Work started this week to clear out the pond in Scone Park. Over the last couple of years, the vegetation has grown and joined the island to the land. Vegetation is being removed from the pond to reinstate the island that makes it safer for the ducks and swans during nesting time. It will also create more surface area of water that will benefit the swans and ducks that make call it home. Work should be completed by early next week. Watch this space for updates….
Litter is also being removed and so far 6 footballs have been collected and couting!
Have you put your Christmas tree up yet? Trees make a huge contribution to our environment, our health and our economy as well as a centrepiece of Christmas. Forestry Commission Scotland has created a short video entitled ‘There’s more to Scotland’s forests than meets the eye’ that is well worth a watch. So sit back, relax and enjoy this video with a mince pie.
If, over the festive period you would like a break from Christmas T.V, Scotland’s Native Woodlands is an excellent short film presented by naturalist Nick Baker.
Invasive Species are a tricky thing in Tayside. There is a multitude of different invasive species and they all come with different challenges. It is very difficult to conquer these without a catchment wide approach and large amount of parties working together to tackle it.
Invasive species alter our natural environment, they out-compete other native species and dominate areas, creating habitats which don’t provide the diversity our wildlife need to sustain themselves and their populations.
Himalayan Balsam – An Invasive Species
The Scottish Invasive Species Initiative was covered on BBC Landward recently. This is a project funded over the next 3 years to tackle invasive species within several areas including Tayside.
South Perth Greenspace Group volunteer in Greenspaces owned by the Council and other landowners including Dupplin Estate. The rain didn’t dampen the sprits of eight enthusiastic volunteers who coppiced an area of Craigie Community Wood 24th November .
Coppicing is the traditional rural skill of cutting small trees to encourage more small stems to grow back. This adds diversity to the woodland by creating more variety of tree ages and the new stems are favoured as bird nesting sites.
Traditionally, most broadleaf trees were coppiced to provide wood for a long list of household items such as furniture and broom handles.

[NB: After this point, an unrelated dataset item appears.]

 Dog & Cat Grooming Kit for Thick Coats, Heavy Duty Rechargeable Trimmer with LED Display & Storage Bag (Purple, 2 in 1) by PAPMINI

All the branches cut on Saturday will be used to create traditional fencing and the cut stumps will produce new shoots in the spring. The area was fenced by the Tay Landscape Partnership to prevent rabbit and deer nibbling on the tasty fresh shoots.
Thank you to South Perth Greenspace Group for all their hard work and to Torquil Varity for his coppicing expertise and advice.
South Perth Greenspace Group meet every month on the first Tuesday at 7.30pm in the Glenearn Community Campus and new faces are always very welcome.
Badger the Collie was a great help while coppicing!
In order to keep the paths on our countryside sites in good condition we need to prevent too much water from the undergrowth from flowing onto the path. Of course, it is never possible to keep the path completely dry, so the path is usually shaped to ensure that water is able to run off the path rather than puddling. An important method for this is to have drainage ditches on some of the wetter parts of the paths to allow water to run away from, and underneath, the paths. At this time of year, once all the leaves have come off the trees, it isn’t unusual to find that drains suddenly become clogged – more so if the drains haven’t been cleared for a couple of years.
We were recently joined by the Police Scotland Youth Volunteers (PSYV) to undertake some work on the drainage ditches on Kinnoull Hill Woodland Park to maintain the high quality paths. Despite a bit of rain, the 13 volunteers worked along a stretch of the pathway on the western side of Kinnoull Hill. While in the area we took the opportunity to remove some of the younger beech trees, in keeping with our long-term plan of encouraging the regeneration of native oak, birch and pines trees.
The PSYV did a fantastic job, both at clearing the ditches and removing surrounding vegetation and beech. Although the ditches hadn’t quite reached the stage of being fully clogged up the difference before and after was still quite significant, and now the ditches should be good for a couple more years. To find out more about the PSYV visit their website or check them out on their Facebook page.
Would you like to find out more about the traditional woodland management technique of coppicing and give it a go?
If so, join the South Perth Greenspace Group on Saturday 24th November at Craigie Hill Community Woodland 10am-3pm to try your hand at this ancient rural skill of cutting small trees to encourage more small stems to grow back, traditionally used for fencing, furniture, charcoal and clothes pegs!
This spring 1,200 wildflower plants were planted on St Magdalene’s Hill to create a wildflower meadow to provide nectar and pollen for bees and butterflies. The plants were kindly donated by the Tay Landscape Partnership and were planted by Perth Brownies, Beavers and Perth High School. Despite the summer drought a good number of plants survived and added beautiful colour to the grassland.
A group from Perth High School who planted the flowers completed the next step by raking off the cut grass to prevent excess nutrients and allow the young plants to push up next spring. The grass was raked onto large tarpaulins and then piled under trees and broom bushes.
After hot chocolate and biscuits, the group finished by litter picking the main path to the summit and back to the car park.
A big thanks to Perth High School for their help. There is still grass to be raked off so we will be back shortly to finish the job.